Don Diego clock tower will be relocated onsite

Don Diego clock tower will be relocated onsite
Del Mar Fairgrounds officials offer reassurance that the Don Diego clock tower, scheduled for demolition before the start of the 2017 San Diego County Fair, will be relocated somewhere at the state-owned facility. Photo by Bianca Kaplanek

DEL MAR — Addressing mostly negative comments about the fate of the Don Diego clock tower, Del Mar Fairgrounds officials at the Jan. 3 meeting reiterated plans to remove the structure from the center of the state-owned facility, but assured the tiles and clock face will be relocated onsite.

“It’s always been a part of the master plan to remove it,” General Manager Tim Fennell said. “We’ve been looking for a suitable location, and we’re still in the process of doing that.”

Russ Penniman, president of the 22nd District Agricultural Association, said one of the challenges is that the approximately 64-year old tower is three-sided.

“So we’ve got to be selective on where we put it so you can view all three faces, which is going to limit where we can put it on the property,” he said.

Options include the infield or the perimeter of the property, where it can be seen better, Penniman added.

“There are a number of different possibilities,” he said. “The question is, which is going to make the most sense.”

Installed in 1953, the clock tower was built using Googie architecture, a futuristic design that originated in Southern California in the 1940s and remained popular for about two decades.

In 1954, decorative tiles in the likeness of Don Diego, longtime official greeter and host of the fair, were added to the façade of the tower, located along the main fair avenue west of O’Brien Hall, north of Bing Crosby Hall and south of the Plaza de Mexico.

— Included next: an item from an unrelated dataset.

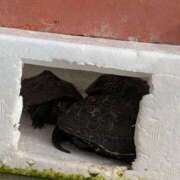 ヒメ日記 2026/02/02 07:05 投稿 ともえ 横浜おかあさん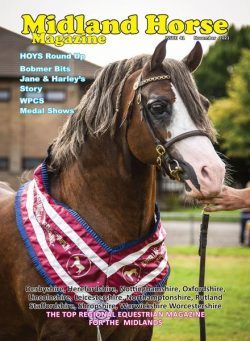 Midland Horse West Midlands – November 2021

According to the December 22nd DAA staff report, the structure represents a “fairly intact example” of Googie architecture, but it doesn’t qualify as a listing for the National Register of Historic Places or the California Register of Historic Resources.

It also does not represent the work of a master or possess artistic value, the report states.

A 2009 environmental impact report evaluating the impacts of a master plan for improvements at the fairgrounds included demolition of the clock tower.

At last month’s meeting of the 22nd DAA, which governs the fairgrounds, Fennell said the tower will be demolished before the start of the 2017 San Diego County Fair, which runs June 2 through July 4.

He and board members said the structure is deteriorating and unsafe, and it would be too expensive to refurbish it. The roof leaks and the restrooms, clock and video board don’t work.

Potential vendors made a “strong commitment,” according to the staff report, for about $300,000 in rent annually for the site just during the fair.

A Coast News Story about the demolition plans garnered more than 6,300 online views and two-dozen comments.

Susan Brower said when she attended the fair as a youngster, the structure was the go-to place if anyone got lost. Last year her father, who has dementia, was separated from the family.

“He remembered & he was found (there),” she wrote.

Another reader recalled her first date, which was during the fair in 1967.

“And we had to meet my guy’s dad at the clock tower at the end of the night,” she wrote.

Not all comments were negative. One reader described the tower as “insensitive and offensive to Mexican laborers and Mexican Americans.”

Paul Rowe, whose Escondido company manufactures clock towers, suggested building a slimmer version that, if high enough, could still provide the “see me at the clock tower focus point” and potential income as a cell tower.

Fair board Director Richard Valdez, who was born and raised in San Diego, said his vote to demolish the tower was “bittersweet” but the right move.

“I probably should have said out loud what I was thinking (at the December meeting),” he said. “The clock tower, to me, is iconic and it does have a history.

“Having made that vote was one that was bittersweet for me but one that I knew was the right vote to make for me,” he added. “I think those folks who looked into this issue beforehand allowed me the comfort level to vote the way I did.”